Yes, you'll need to buy books and read them, and work through the exercises.
I'm going to describe how it was taught to me in a music college in the United States. I'm sure different schools have different approaches.
Things basically fall into four categories:
- Ear Training
- Classical music theory
- Form and Analysis
- Jazz Theory
Ear training and classical music theory are taught simultaneously. They take about one and one half years of classes. Form and analysis finishes out the second year.
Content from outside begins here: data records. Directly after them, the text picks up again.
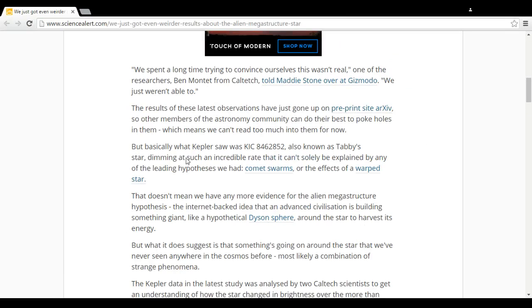All this was done by Ben Monet of Caltech, who was telling Matty Stone of Gizmodo that basically they just weren't able to find out what was actually going on. This involves Kepler Observatory and KIC-8462852, otherwise known as Tabby's Star. The dimming at such an incredible rate can't solely be explained by any leading hypothesis — comet swarms didn't fit the mathematics, and effects of a warped star didn't affect the math either. Nothing could really hold true because other comparable comets were acting completely differently.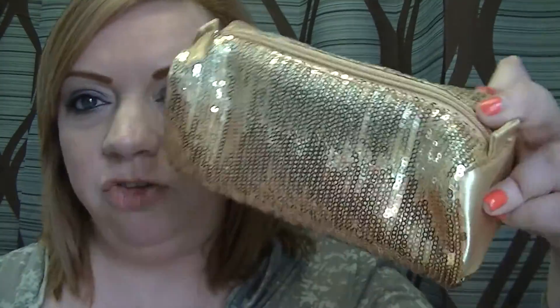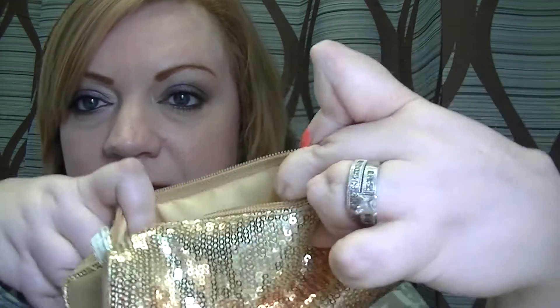So this is the bag. It's just a gold sequined bag with a zipper tab. The lining is gold inside. It's not exactly like the one I got last year — that one had a wristlet strap and a little pocket — but this is very cute. It comes with two eyeshadows, a lip gloss, and a double-ended eyeliner.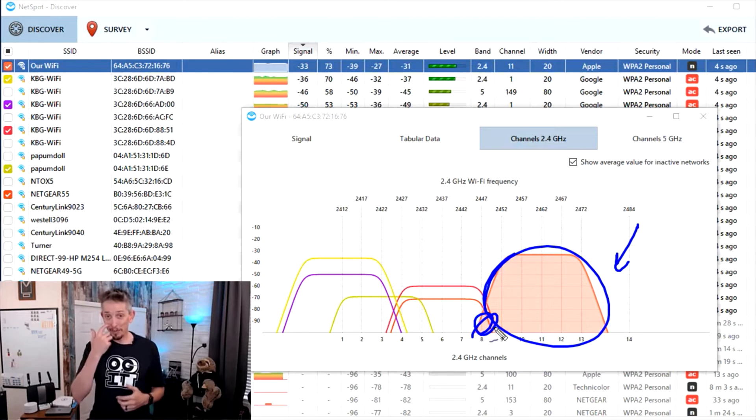Even though the default on many access points is auto — meaning it should figure out the best channel — it doesn't always choose the best channel. By stepping in, looking at what channels are in use, and making manual changes, you can dramatically increase throughput on your Wi-Fi network.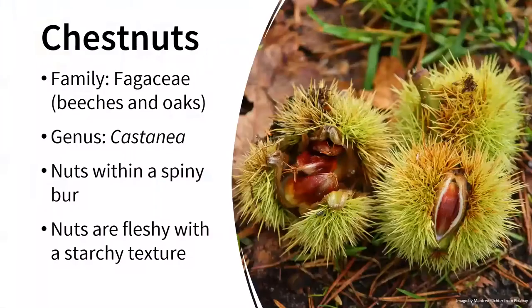Next up we have chestnuts. You may or may not have ever eaten chestnuts before, but there are references in Christmas songs and they are a popular nut here in the United States and around the world. Chestnuts are in the same family as beeches and oaks, the Fagaceae, and belong to the genus Castanea. The nuts are within a spiny burr — those spines are very sharp and rather painful to pick up with bare hands. They're not the best shade tree since they drop these spiny burrs, which are kind of like sweet gum balls on steroids.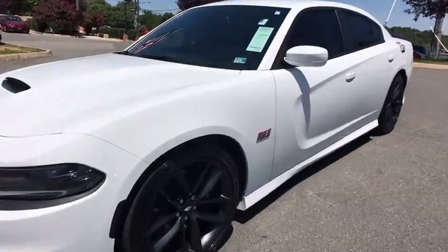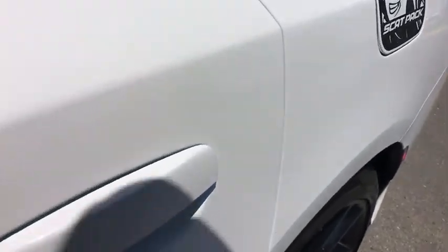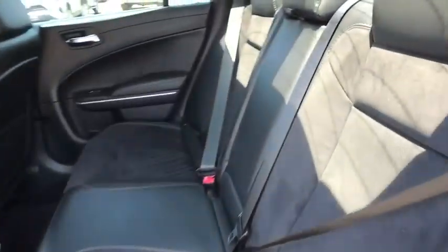Looking for the right vehicle? Check out the 2019 Dodge Charger. Inject some versatility, comfort, and sophistication into your muscle. The Charger is a powerful sedan that excites at every turn.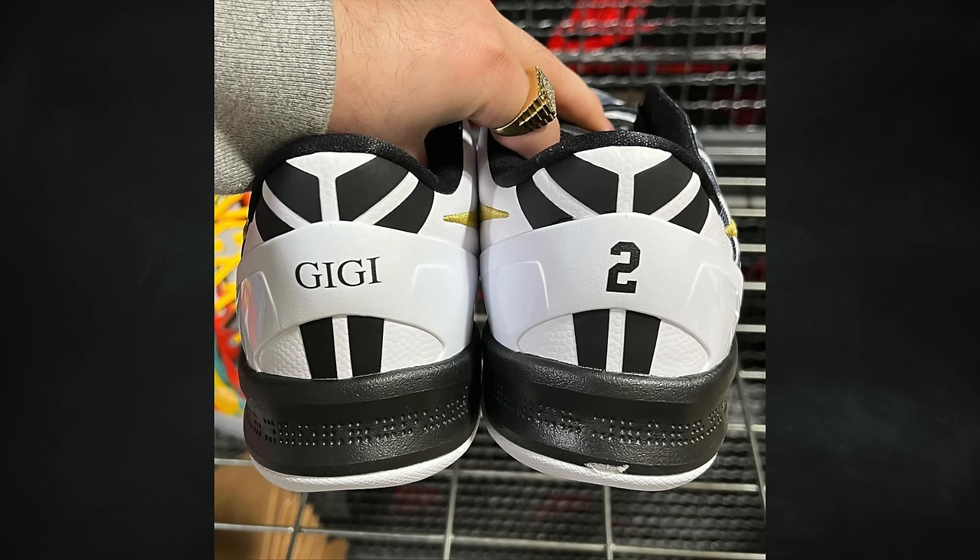I do like this pair, though not as much as the Kobe 6 — I think that shoe is the best in the line. But like every Kobe release, this pair is definitely going to sell out. I also like that they're offering them in grade school and preschool sizes. Let me know your thoughts on this pair down in the comment section below.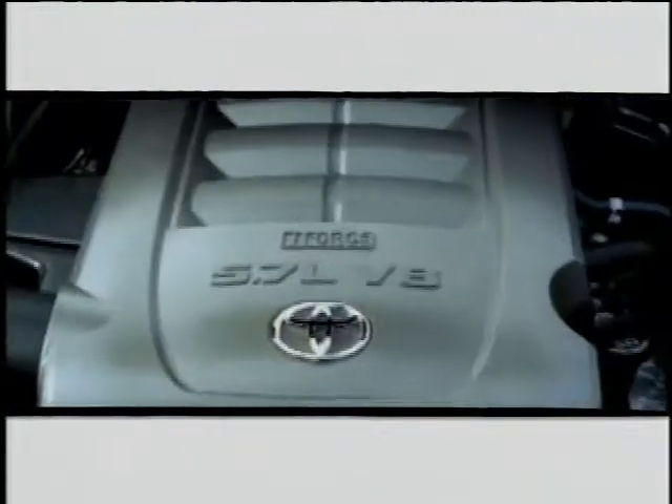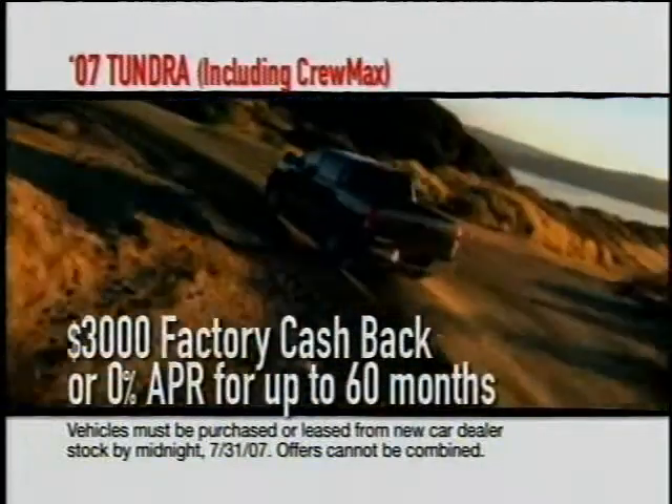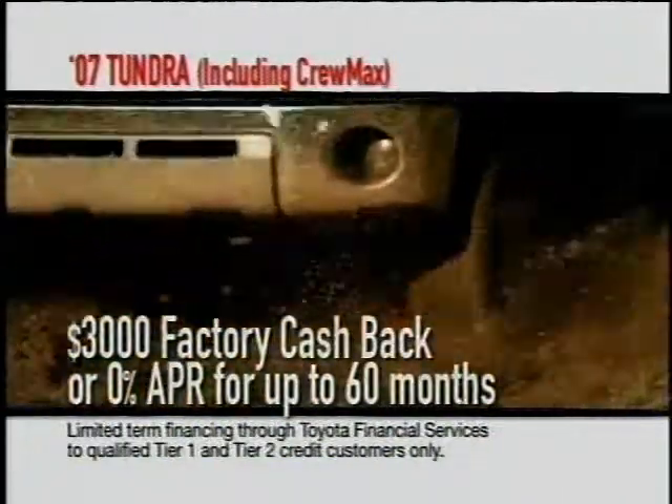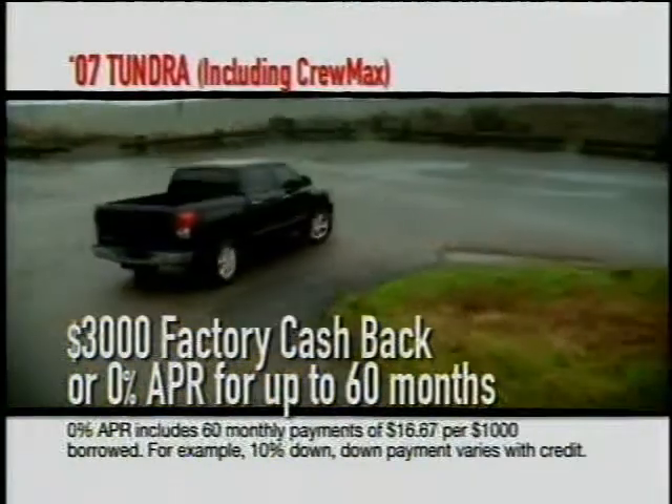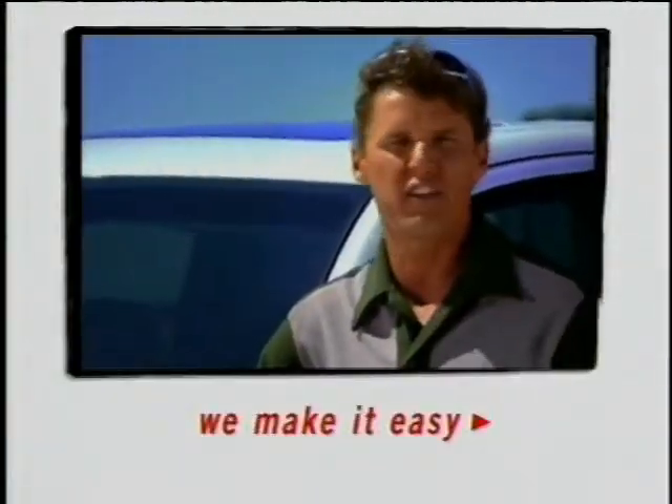Once I hooked it up to this Tundra, it pulls it no problem. Get $3,000 factory cash back or zero APR for up to 60 months on any new '07 Tundra, including CrewMax. This truck rocks. I'm so happy with it. It's awesome.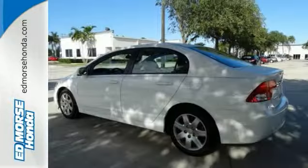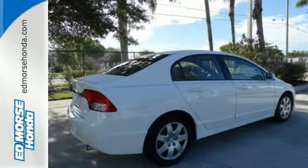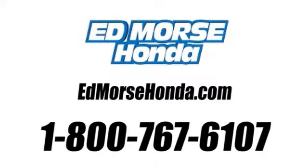Grocery run? Pull down the rear seat and make more room in the trunk. Take it for a test drive today. Call us today at 1-800-767-6107.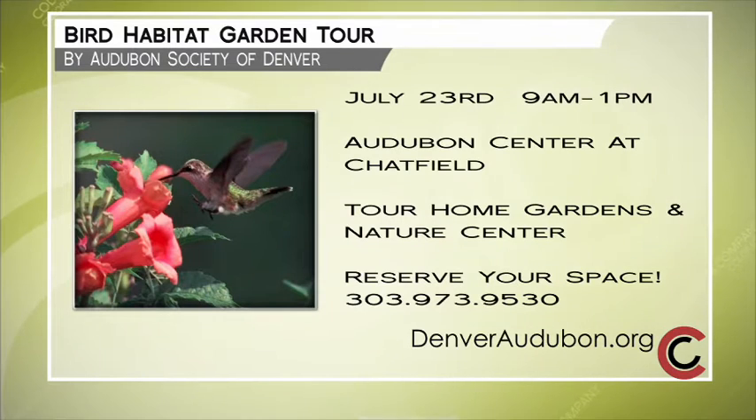Bring binoculars — you might see some cool birds. Thank you, Carl. Garden and bird lovers unite! You can sign up today for this one-of-a-kind event. The bird habitat garden tour is July 23rd from 9 a.m. to 1 p.m. at the Audubon Center at Chatfield. See incredible home gardens in the Roxborough area as well as the Nature Center. For details and to register, go to DenverAudubon.org or call 303-973-9530.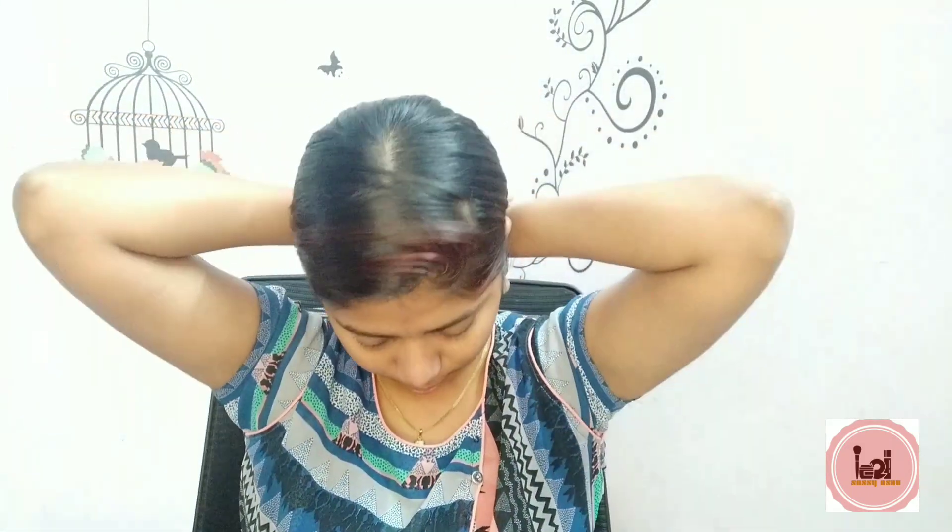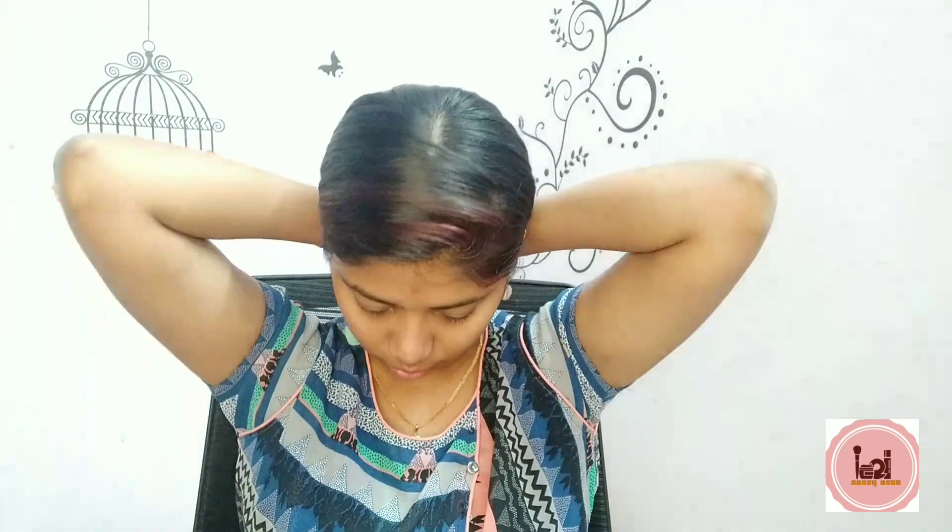First, I will tie up my hair. Because when you are doing your skincare, you will want to wear your hair loose or tied back so it's out of the way.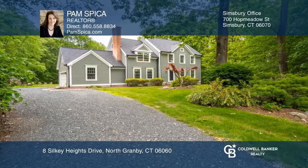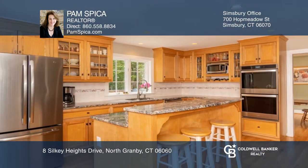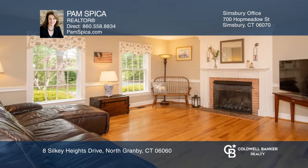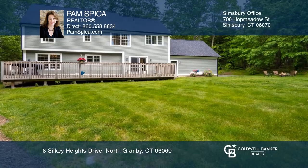This beautiful one-owner home designed by Kemper Parker Architects features a kitchen with custom-made clear maple cabinets, granite countertops, and a center island that opens to the family room with a fireplace. The master bedroom also has a fireplace and walk-in closet.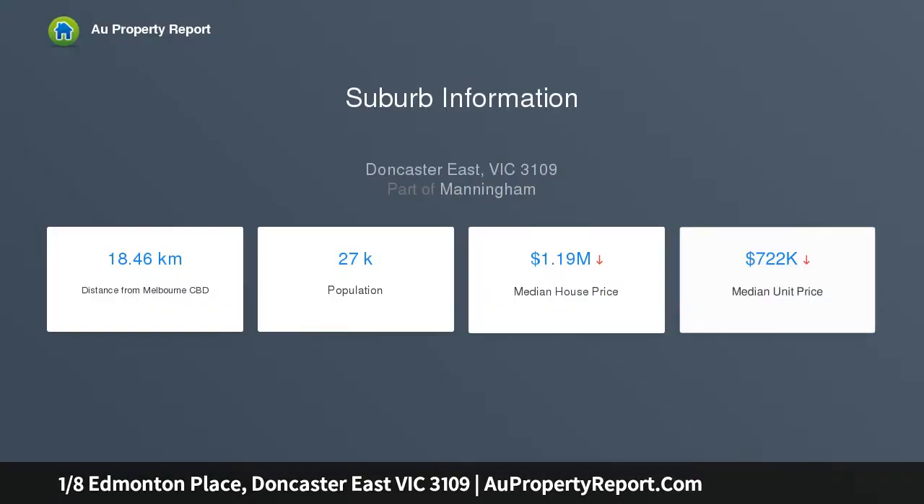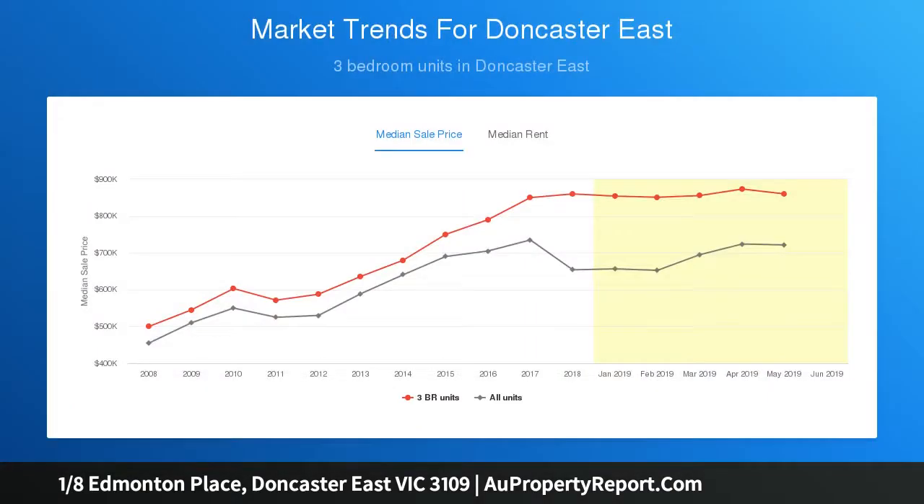It is perfect for those seeking low maintenance and convenience to amenities which include Deep Creek Reserve, the Pines Shopping Centre, Warrandyte High School and Millgate Primary.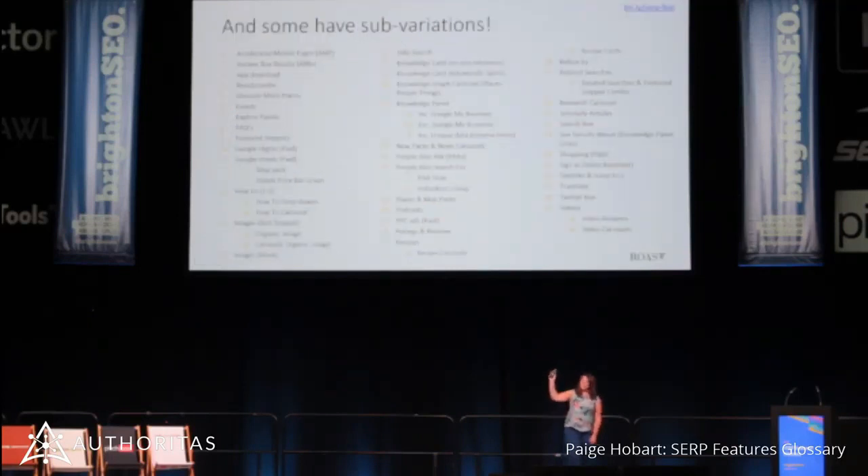This is the full list. There's a bit.ly link at the top if you want the full glossary. But some of these have sub-variations. If you think of a knowledge panel, on desktop that's on the right-hand side. But on mobile, that shifts to be at the top. So the tools that we're using, a lot of them can figure out that that was still a knowledge panel, even though it moved.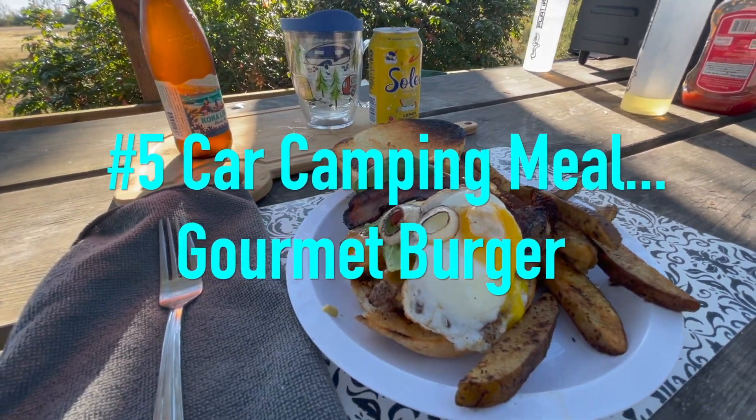Number five: a gourmet burger on the road. Tonight we're going to do something ab fab — a gourmet burger with some cracked fries on the flat top, and this is going to be absolutely delicious.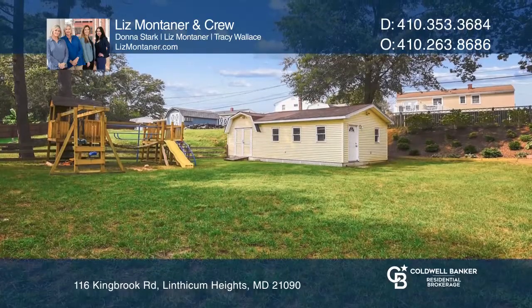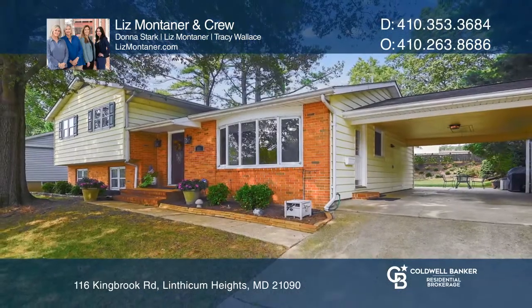Your new home is just a call away. Contact Liz, Montana, and crew for more details.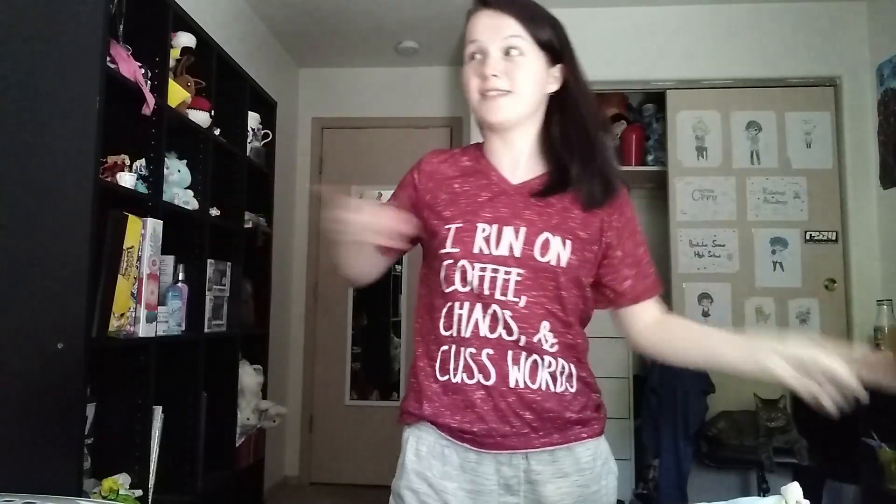Hey guys, it's me here and I am back for another haul video. For this haul video I thought I would do a summer haul, basically a summer clothes try-on. Now that I can edit, I can finally show you the clothes with them on and edit during transitions because I'm trying to be better at being a YouTuber.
Many schools encourage jazz musicians to complete the basic two years of classical theory before they start studying jazz theory, although after the first year, jazz majors are most likely playing plenty of jazz as well whether they understand all the theory or not.
- Intervals and Chords
- Temporal Acuity (rhythms)
The principles of ear training are straightforward, but actually learning the techniques takes a lot of practice every day for a long time.
Tonal Harmony (taken from the table of contents of a college textbook)
- Elements of Pitch
- Element of Rhythm
- Triads and Seventh Chords
- Diatonic Chords in Major and Minor Keys
- Principles of Voice Leading
- Harmonic Progression
- Triads in Inversion
- Cadences and Phrases
- Non-chord Tones
Diatonic Seventh Chords
- Secondary Functions
- Modulations Using Diatonic Common Chords
- Other Modulatory Techniques
- Binary and Ternary Forms
- Mode Mixture
- The Neapolitan Chord
- Augmented Sixth Chords
- Enharmonic Modulations
Tonal Harmony in the 20th Century
When you've gotten a grounding in all that, then you'll want to look at classical form and analysis, and then jazz music theory.
Wikipedia has a music theory section. This should be helpful as a reference and an overview. But you will still want to purchase a college-level textbook and workbook and work through the exercises.